• EXERCISE DETAILS: Quote every line of the data below as it stands, omitting pictures.

• INPUT DATA:
********************
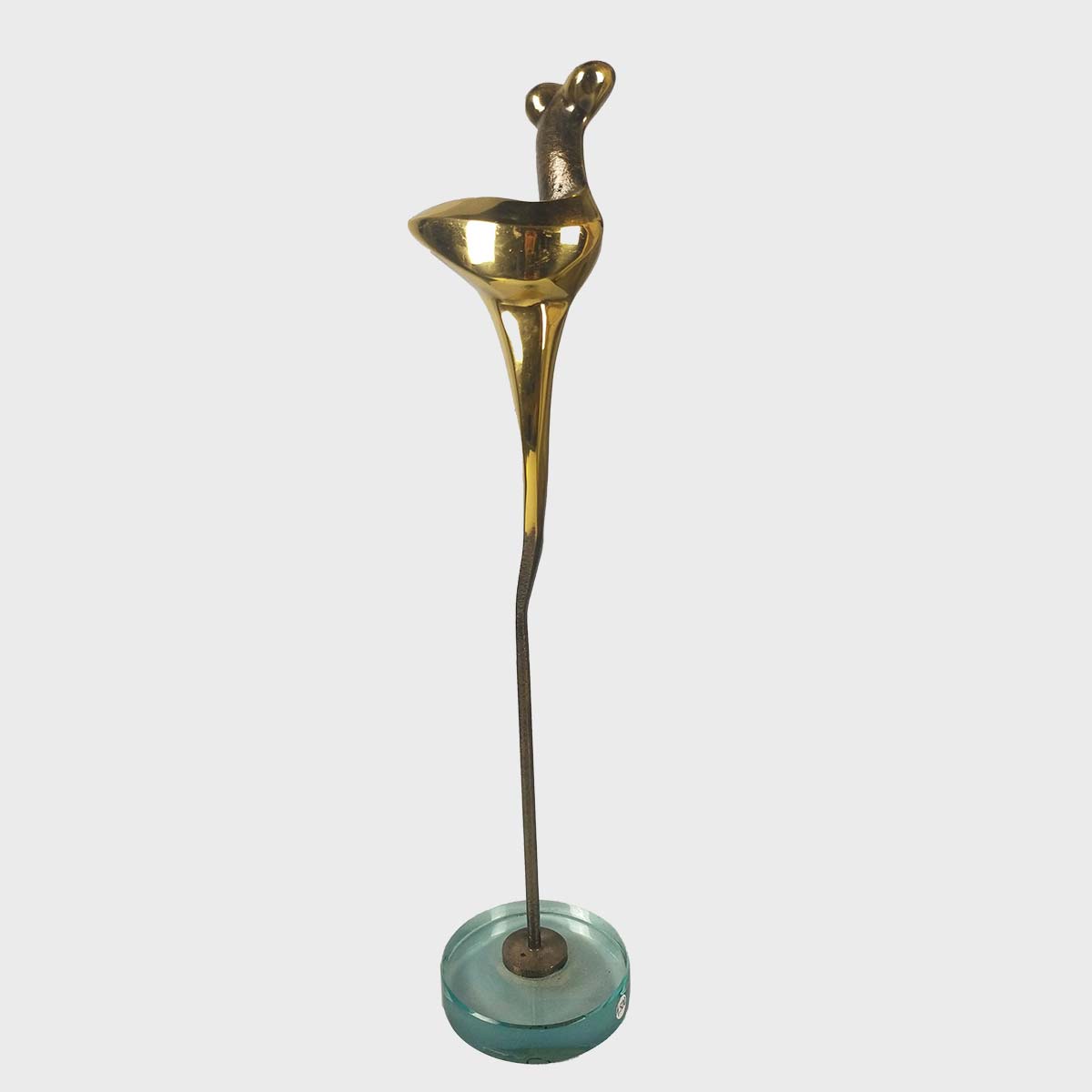 Elegant Bronze Sculpture with Glass Base - Handcrafted Home Decor for Living Room, Office & Gifts | Modern Art Statue for Interior Design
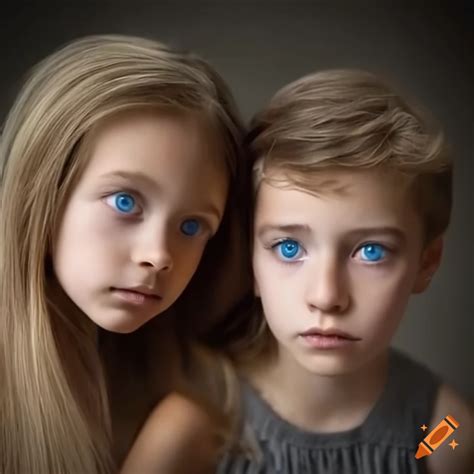 Portrait of a brother and sister with blue eyes on Craiyon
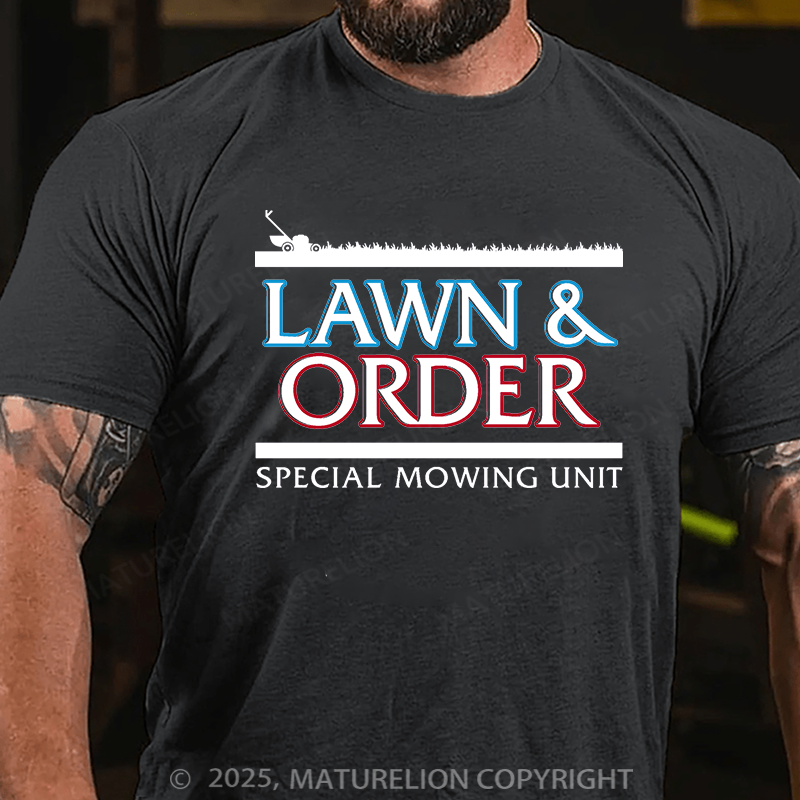 Maturelion Men's T-shirt Lawn & Order Cotton T-shirt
********************
• EXERCISE ANSWER:
 Elegant Bronze Sculpture with Glass Base - Handcrafted Home Decor for Living Room, Office & Gifts | Modern Art Statue for Interior Design
 Portrait of a brother and sister with blue eyes on Craiyon
 Maturelion Men's T-shirt Lawn & Order Cotton T-shirt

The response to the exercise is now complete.